In terms of product and service development, three major changes are affecting the world we live in. The first is the balance of global production and consumption; the second is the way products and services are conceived, developed, and delivered; and the third is the perception and expectation of consumers around the world.
As China and India and other less-developed but highly populated regions gain new buying power, the center of gravity of world consumption is shifting from the United States to these larger populaces. Not only are these economies increasingly voracious in terms of consumption quantity, but consumer perceptions and expectations are rising at the same time, as the new wealth allows them to also pursue life, liberty, and happiness.
At the same time, these other countries are gaining new production skills beyond just the ability to manufacture. The United States is certainly still a significant global market for and source of innovation. At the same time, the EU is still evolving as an entity, and new alliances are forming to help countries and companies compete more effectively and open the borders for the development of interconnected markets. Russia is still a question mark but has tremendous potential given its natural resources and population, and the rest of the former Soviet bloc nations are emerging in the global economy as well. Emerging markets in China, India, and several countries in Africa are new growth areas for production and consumption of products and services.
China is now making a major change that will affect all the companies in that country and also worldwide competition. China realizes that to become a serious player in the World Trade Organization, it must be more than the world’s leading supply manufacturer. China is not only turning out 300,000 engineers annually, but the country is putting major investment into industrial design. By the year 2010, China will have 500 schools of industrial design. China will become a major source of business, engineering, and design for its own emerging consumer market and will compete in global markets as well. it is already beginning to take over development of new products from former powerhouse engineering countries, such as Germany and the United States. China will follow in the same development path that first occurred in Japan, then in Taiwan and Korea. You might not drive a Hyundai today, but in fewer than 10 years, you will be tempted to buy a car from China from a company that you do not yet even know the name of. Haier has already become a competitor in the United States in refrigerators and TV monitors.
Just a decade ago, China did not have any business schools. Chinese engineering was based on copies of the Russian approach to mechanical and electrical design. its design schools were either craft schools or based on Russian and East German models of design education and practice. We are witnessing one the fastest movements to modernize in history by the world’s largest country. Remember one thing: The Chinese have been here before. Two thousand years ago, China was way ahead of Europe and light years ahead of the Americas. You might not know much about its heritage, but China invented the compass, paper, printing, and gunpowder.
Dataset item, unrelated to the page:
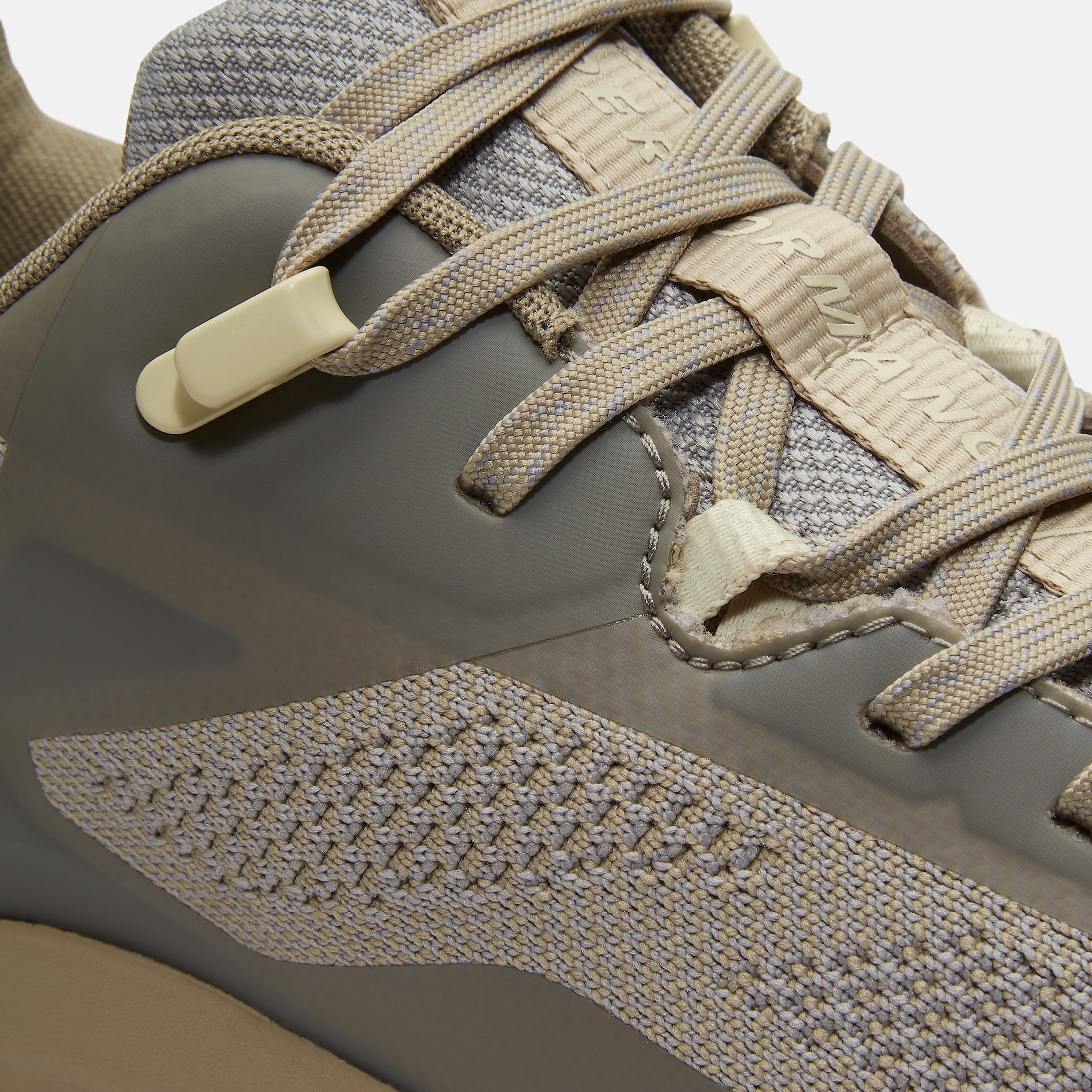 Motion Access Trainer for Men in Light Grey TBL Grey ALT7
This is a country that was “built to last,” and it won’t have any problems going from “good to great” again.
If China is attempting to become a global competitor based on innovation, and india is close behind, there is no turning back for other countries. Finland is investing huge resources in design and innovation in a program aptly named Finnovation. Building on the early success of Nokia, Finland wants to become a knowledge- and innovation-based country. Even Poland is trying to redesign its brand. It is seeking to rid itself of its image as a land of labor and strife, and is working to bring a fresh look to improve tourism. From countries to companies around the world today, the key is finding a brand strategy that serves as a center for sustained innovation and implementing a method to achieve that strategy—to innovate. The strategy must serve as guide for using methods that promote organic growth and serve evolving needs of consumers as the social, economic, and technological (SET) factors continue to change and produce opportunities for new products and services.
Not only is there a shift in global production capabilities, but the new ease of delivery of product and information is hastening the demise of economic borders. Products and services can now be developed anywhere by anyone and shipped everywhere. soon, GM will likely sell more Buicks in China than in the United States. Haier has set up a manufacturing and distribution center in south Carolina and is competing in many white goods categories. Samsung recently became a global competitor in design and innovation after decades of being the low-cost option, and its major competitor is Nokia in Finland, not just Motorola.
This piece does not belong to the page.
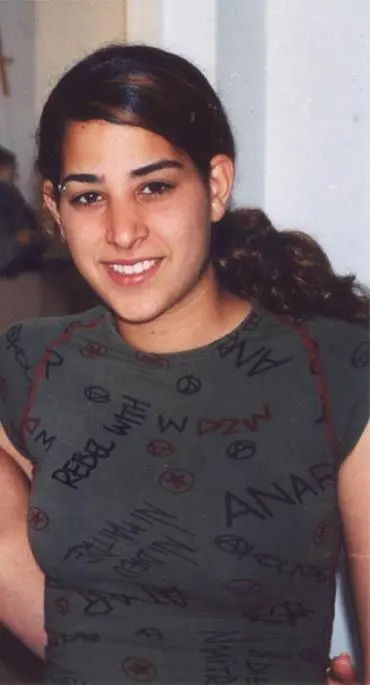 נהרגה בפיגוע בצריפין בשנת 2000. לירון סיבוני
The media channels that bring information and entertainment into our homes are becoming increasingly global; markets are forming around interests and themes more than geographic location. As fantasy is beamed around the world, everyone is forming his or her own visions of the ideal fashion, car, home interior, and lifestyle experiences. Harry Potter and Michael Jordan transcend geographic limitations. There is an air-conditioned Starbucks in the Forbidden City in Beijing, and there is an Eiffel Tower in both Paris and Las Vegas.
The interplay between the innovative, empowered individual and the forces of global commerce have never been more important. The emerging economies are not threats but sources of endless opportunities. What they all point to is two directions for business strategy. Companies can either choose to be the cheapest, or they can choose to be innovative. This book talks about the latter, because in every market, only one company can be the cheapest, and the competition to be the low-cost provider is fierce. Unlike the lose-lose economics between low-cost competitors, innovation is a win-win that lessens competition among companies by differentiating products, allows producers to increase their prices, and delights customers by providing greater value to them. As companies determine their core values and capabilities, they establish unique brand identities that connect company to consumer. Competing up the price ladder enriches people and companies. it is well demonstrated that people will pay for products they value. As the SET factors continue to shift, the companies that can most effectively read market trends will win.